Le Grand Prix du Japon pourrait atténuer, au moins en partie, l’un des principaux défauts reprochés à la réglementation 2026 de la Formule 1. Après deux premières manches animées en Australie et en Chine, les débats autour du caractère jugé artificiel des dépassements restent vifs.
Le nouveau partage de puissance - 50 % thermique, 50 % électrique - associé aux boutons Overtake et Boost, a certes favorisé les manœuvres en piste. Mais il a aussi introduit un phénomène critiqué : des dépassements facilités par un surplus d’énergie, suivis de répliques quasi immédiates lorsque les rôles s’inversent sur le plan énergétique.
À Suzuka, cette dynamique pourrait toutefois être moins marquée, notamment en raison du profil du tracé. Directeur de la compétition chez Alpine, Dave Greenwood nous explique pourquoi.
"C’est difficile à dire avec précision pour le moment, mais avec le point de détection des dépassements situé avant le dernier virage, vous bénéficierez du boost sur la ligne droite des stands. Même s’il n’est pas aussi puissant que le DRS, il reste efficace."

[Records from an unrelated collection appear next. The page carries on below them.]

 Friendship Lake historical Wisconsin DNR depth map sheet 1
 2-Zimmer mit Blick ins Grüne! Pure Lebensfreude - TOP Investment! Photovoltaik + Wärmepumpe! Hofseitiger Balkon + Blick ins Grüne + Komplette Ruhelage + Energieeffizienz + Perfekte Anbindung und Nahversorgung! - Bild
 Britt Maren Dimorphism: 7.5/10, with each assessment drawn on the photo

"Et si vous dépassez avant le virage 1, il sera très difficile pour l’autre pilote de répliquer immédiatement, car vous enchaînez ensuite avec les Esses et non avec une autre ligne droite."

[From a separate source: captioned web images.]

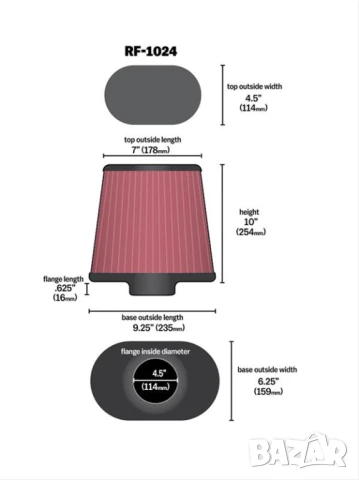 Конусен филтър К&N 114мм, снимка 3 - Аксесоари и консумативи - 51364244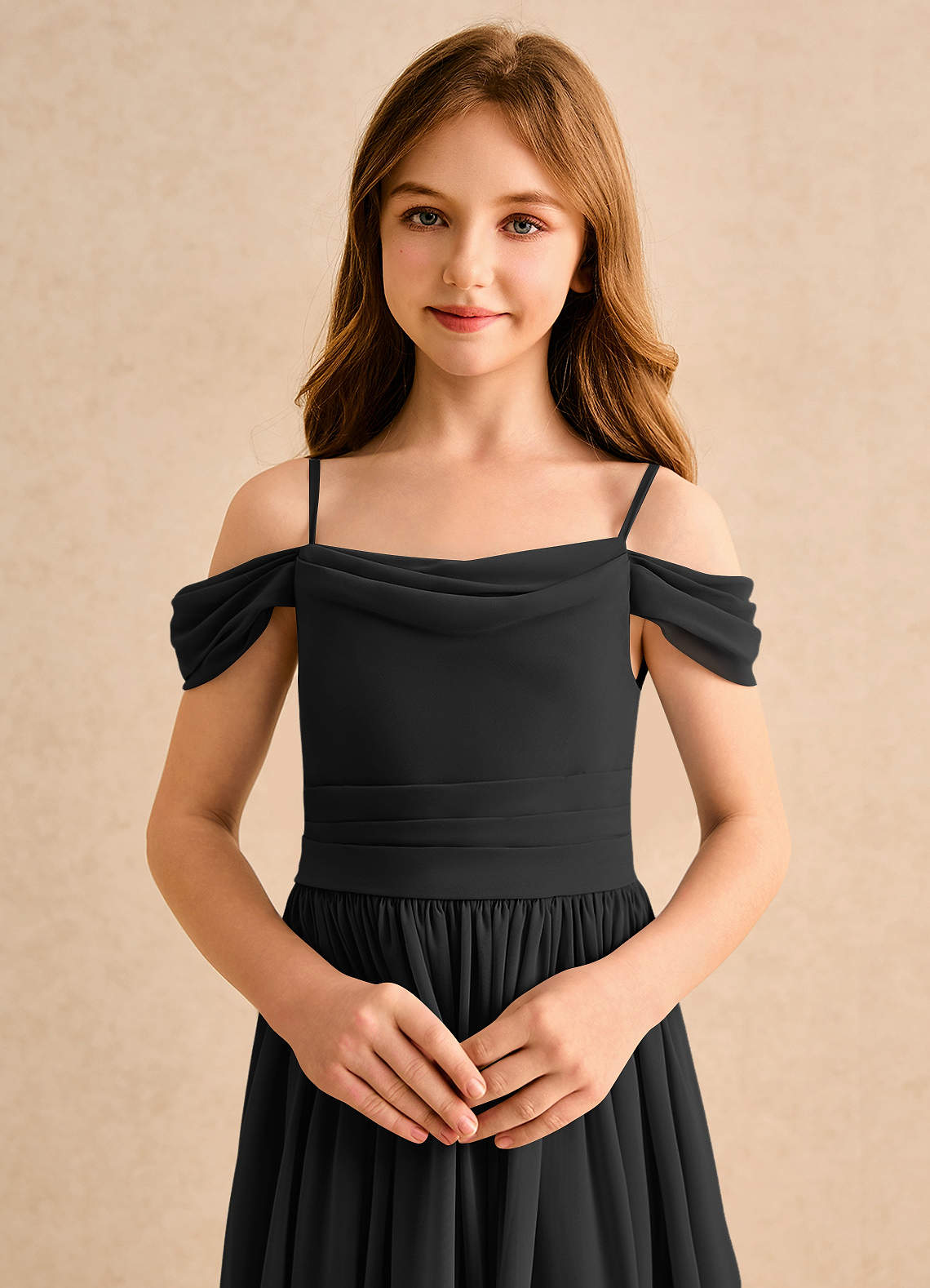 Azazie Shia Girls Formal Flower Girl Dresses Black A-Line Off the Shoulder Chiffon Dress image5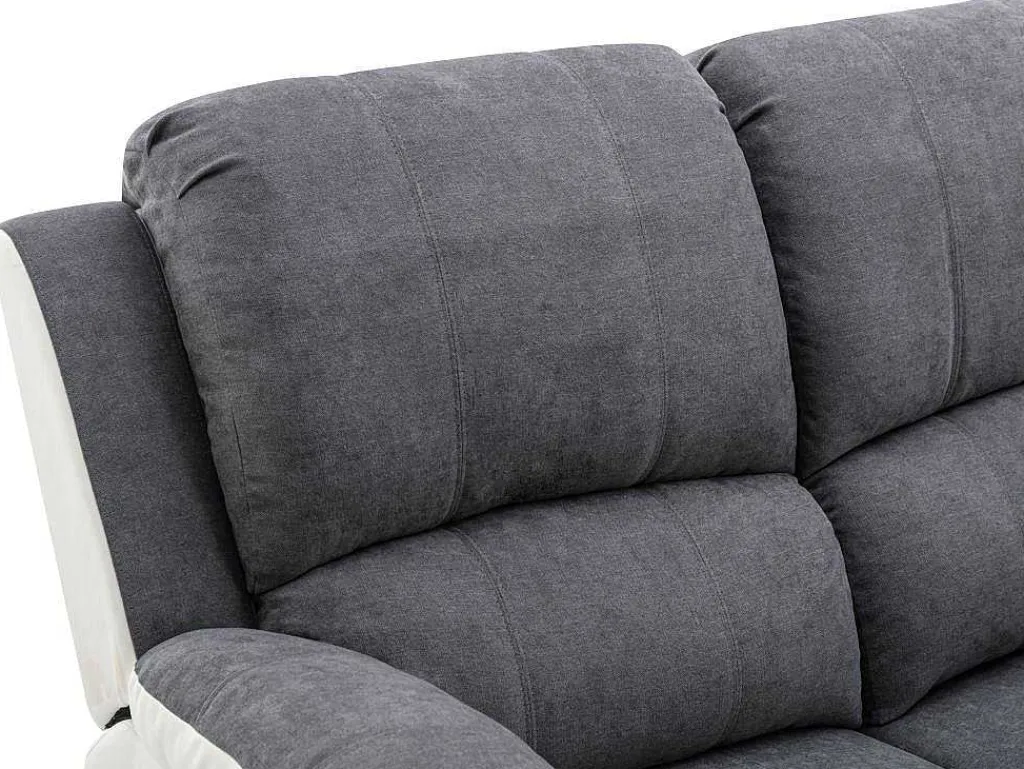 Tweezits-Relaxbank Van Microvezel En Grijs En Wit Kunstleer Brody-Vente-unique Outlet
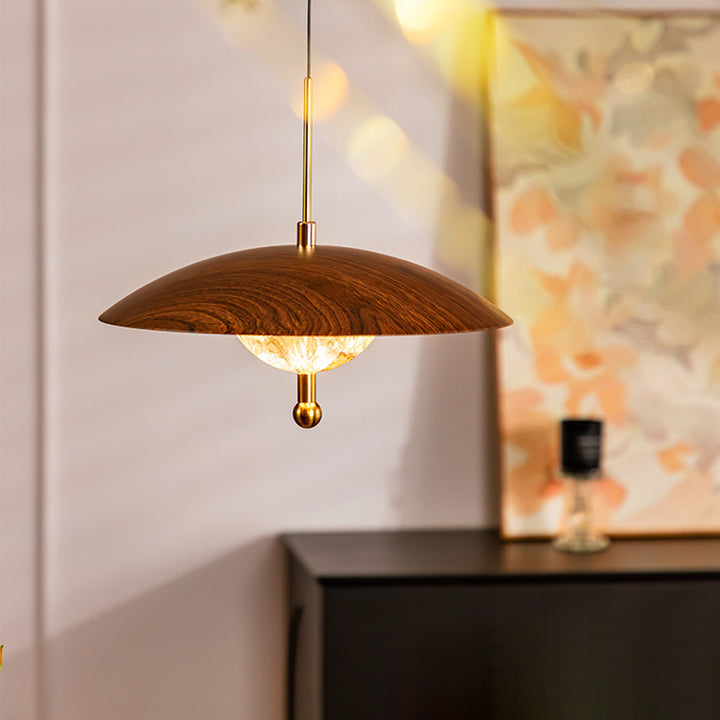 Contemporary Retro Iron Glass Round LED Pendant Light For Bedroom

Si Suzuka pourrait limiter l’effet "yo-yo" des dépassements, le circuit mettra en revanche en lumière une autre faiblesse des monoplaces 2026 : leur déficit d’appui aérodynamique.

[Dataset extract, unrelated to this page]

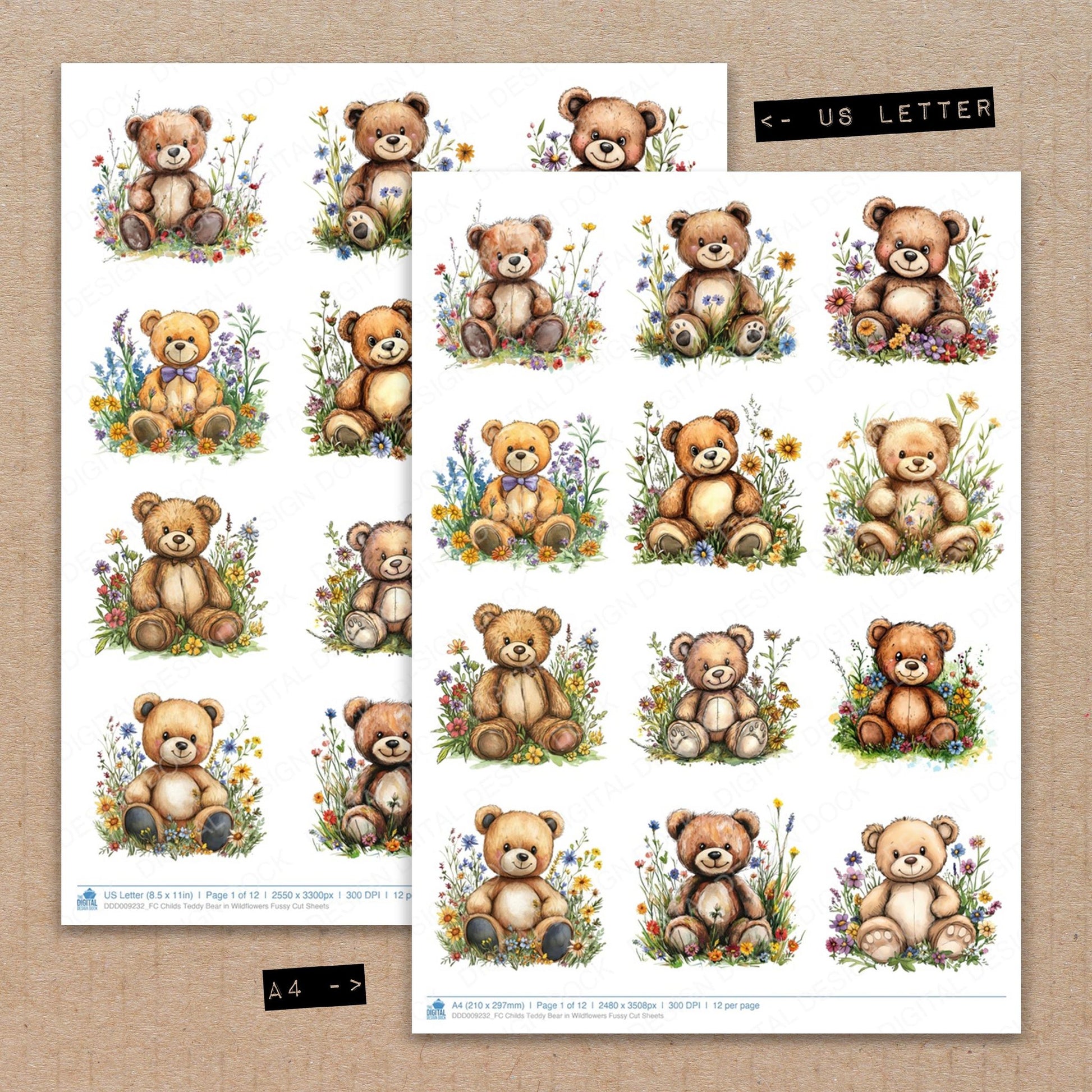 A4 and US Letter format comparison showing Childs Teddy Bear in Wildflowers fussy cut pages for print and cut crafting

"Avec moins d’appui, on verra clairement des vitesses de passage plus faibles au point de corde dans la première séquence de virages, les Esses du virage 3 au 7, et les pilotes utiliseront des rapports plus courts," analyse Greenwood.
À mesure que le tour progresse, les performances devraient toutefois se rapprocher de celles observées en 2025.
"À partir du début du deuxième secteur, du premier Degner jusqu’à l’épingle, les voitures devraient évoluer dans une fenêtre de performance assez similaire à l’an dernier."
Certaines sections emblématiques resteront néanmoins particulièrement délicates. C’est notamment le cas de Spoon.
"L’effet du manque d’appui y sera très sensible. Les pilotes seront plus longtemps limités par l’adhérence, ce qui rendra le passage plus difficile."
"On verra davantage de diversité dans les lignes adoptées, et ce sera crucial, notamment pour la sortie vers la ligne droite suivante."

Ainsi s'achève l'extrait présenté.